Lending would continue even in severe global recession, Fed stress test finds

Households and businesses can continue borrowing even during a severe global recession given the strong capitalization at the largest bank holding companies in the US, according to the results of stress tests released by the Federal Reserve Board.

The Fed’s stress test covered 35 participating firms that represent about 80% of the assets of all banks operating in the US.

"Despite a tough scenario and other factors that affected this year's test, the capital levels of the firms after the hypothetical severe global recession are higher than the actual capital levels of large banks in the years leading up to the most recent recession," Fed Vice Chairman Randal Quarles said.

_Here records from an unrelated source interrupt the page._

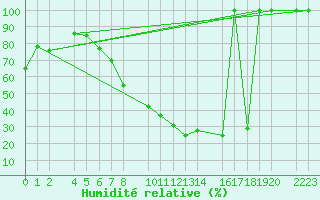 Courbe de l'humidit relative pour Granada Armilla
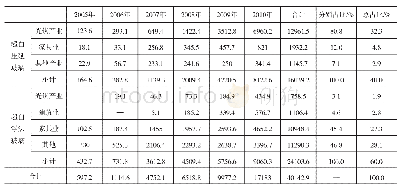 表1 2005—2010年我国超白玻璃消费情况汇总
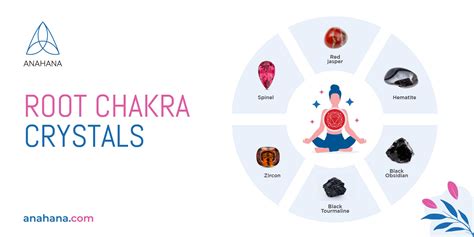 Root Chakra Crystals - Examples and Explanations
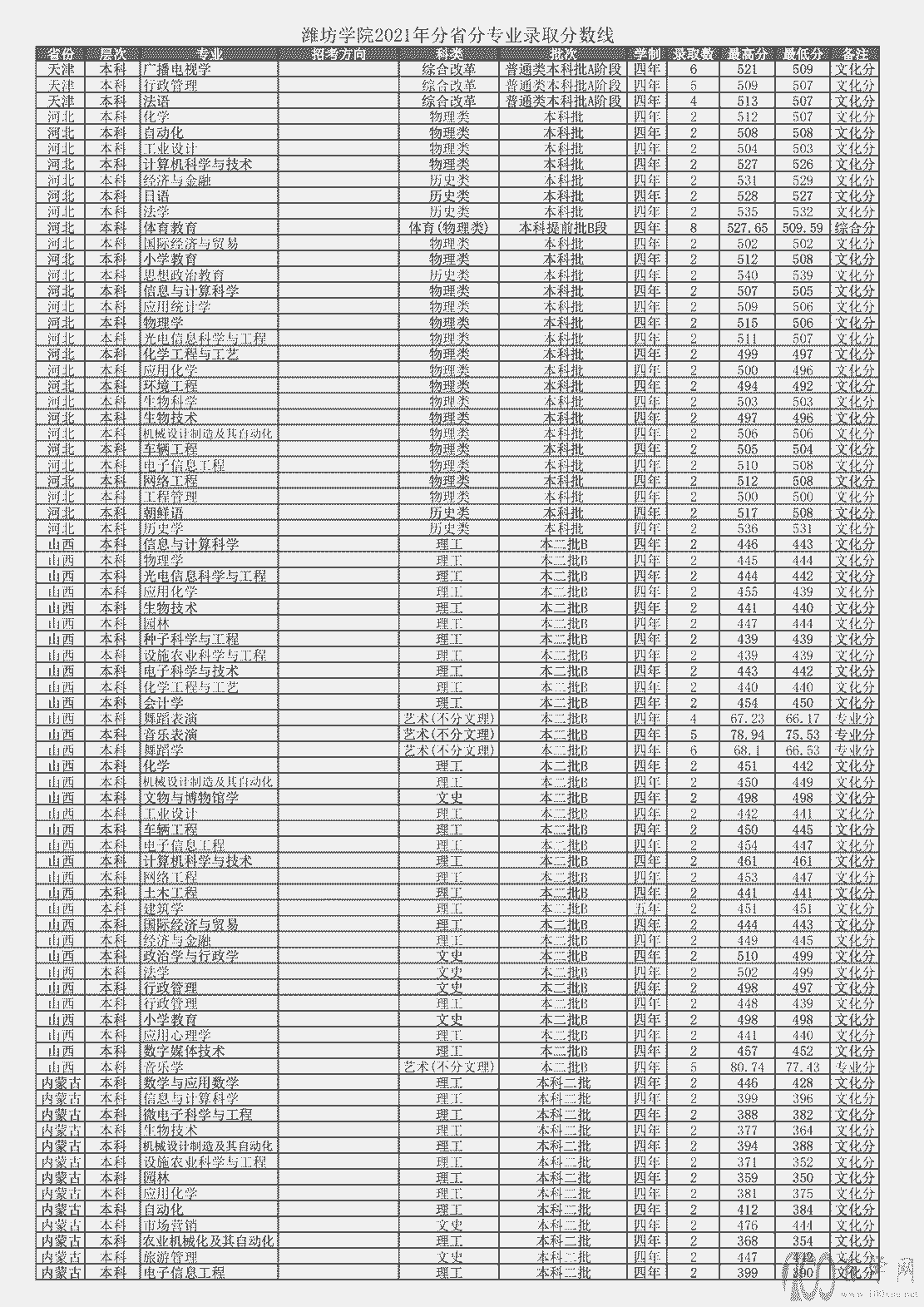 HW(xu)Ժ2021ȡ?jn)?sh)Ƕ٣I(y)?jn)?sh)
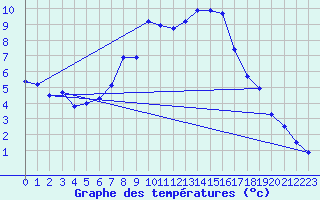 Courbe de tempratures pour Usti Nad Orlici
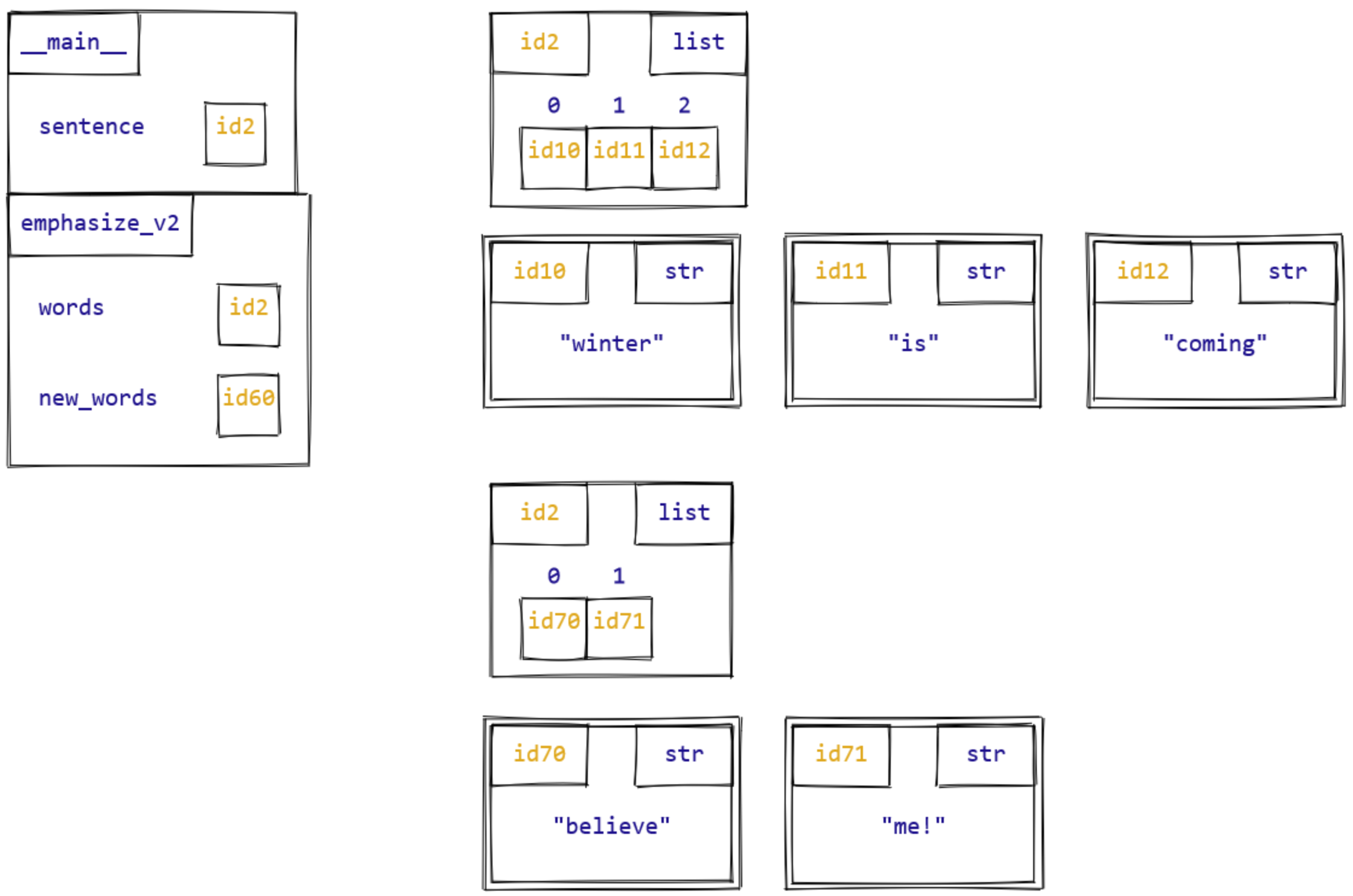 Diagram of emphasize_v2 after new_words = [‘believe’, ‘me!’].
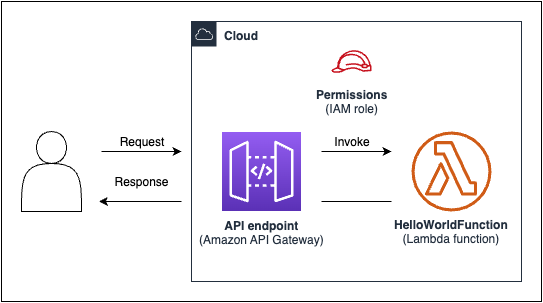 
			在向 API Gateway 端点发送 GET 请求时，会调用 Lambda 函数。
		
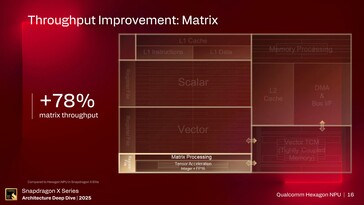 Hexagon NPU. (Źródło obrazu: Qualcomm)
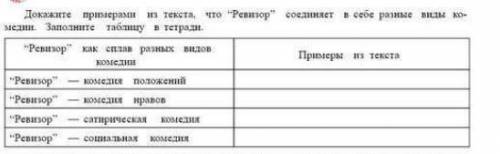 Докажите примерами из текста, что Ревизор соединяет в себе разные виды комедии. Ревизор -- комед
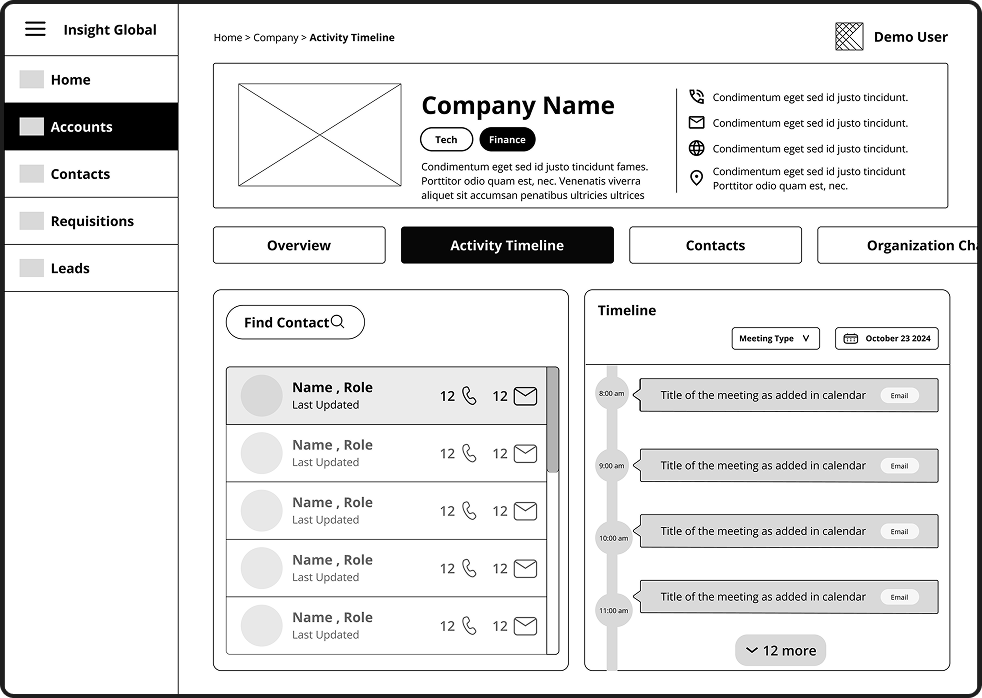 Activity timeline wireframe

Under the test’s hypothetical stress scenario, there would be a decline in the firms' aggregate common equity tier 1 capital ratio to a minimum 7.9% level from the actual 12.3% in the fourth quarter. The ratio compares high-quality capital to risk-weighted assets. The Fed found that the covered firms have added about $800 billion in common equity capital since 2009.

The Fed’s most severe scenario projected $578 billion in total losses for the participating firms during nine quarters tested. The "severely adverse" scenario features a six-percentage-point increase in the US unemployment rate to 10% and a steepening Treasury yield curve amid a severe global recession.

The Fed noted that post-stress capital ratios were affected by several factors, including generally higher credit card balances as well as recent changes to the tax code. Under a stress scenario, banks would lose a total of $113 billion in 2018 due to the level of credit card balances. Meanwhile, tax reform had lowered starting capital ratios for a number of firms due to an immediate, one-time change.